◆ **WHAT YOU ARE ASKED TO DO**
Exactly retype the lines below from the one containing "Salvatore Ferragamo Boog" through the end of the listing. Leave pictures out.

◆ **DATA EXCERPT**
::::::::

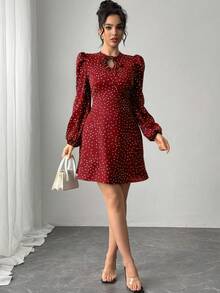Chiquease Women's Elegant Fitted Waist Polka Dot Print Bowknot Long Sleeve Dress, Spring/Autumn - Burgundy - View 5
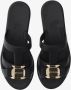 Salvatore Ferragamo Boog Rubberen Sandalen met Gouden Plaat Black Dames - Thumbnail 9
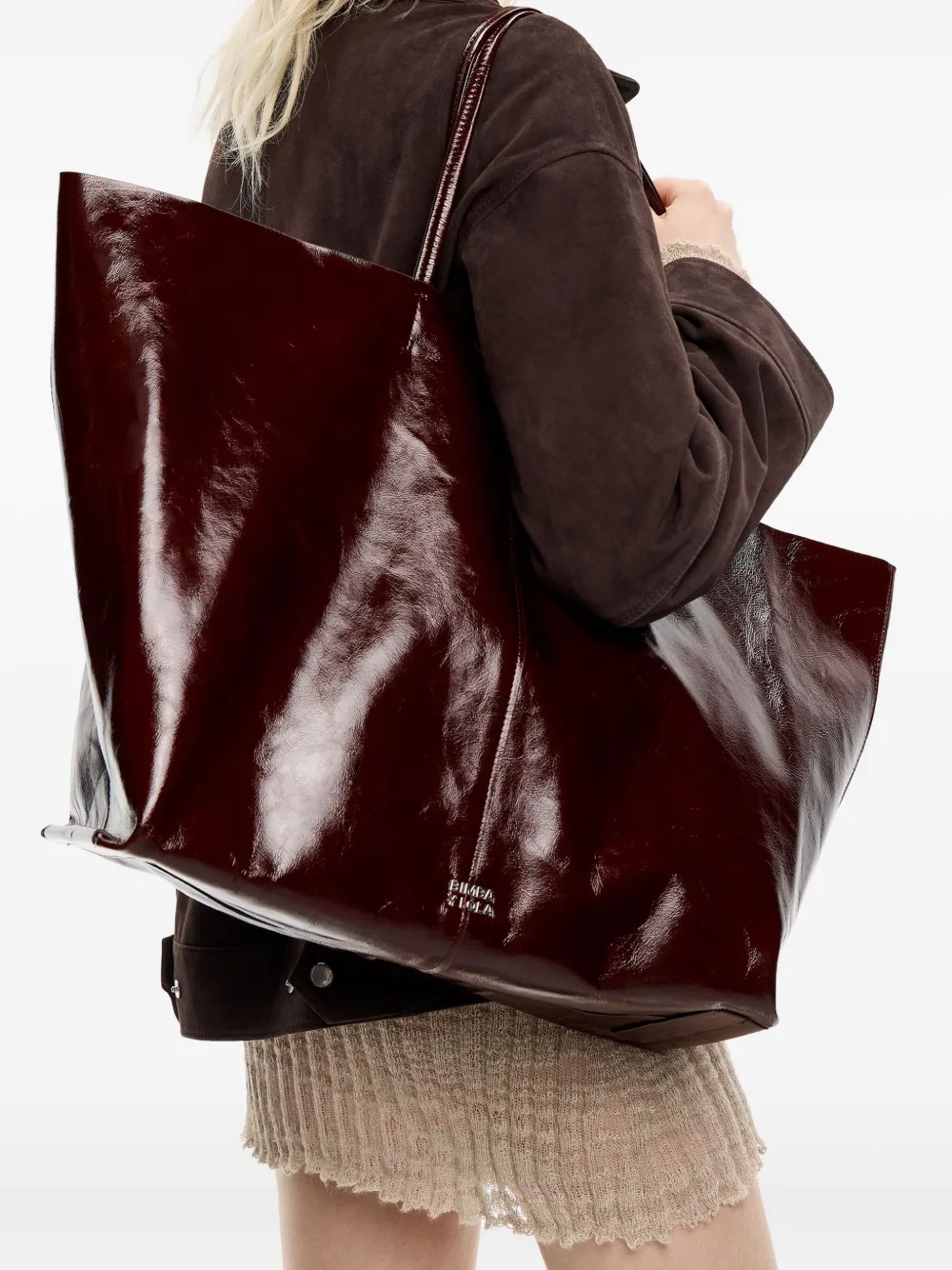 Bimba Y Lola Shopper Leather Maxi Tote Bag In Brown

::::::::

◆ **WRITTEN REPLY**
 Salvatore Ferragamo Boog Rubberen Sandalen met Gouden Plaat Black Dames - Thumbnail 9
 Bimba Y Lola Shopper Leather Maxi Tote Bag In Brown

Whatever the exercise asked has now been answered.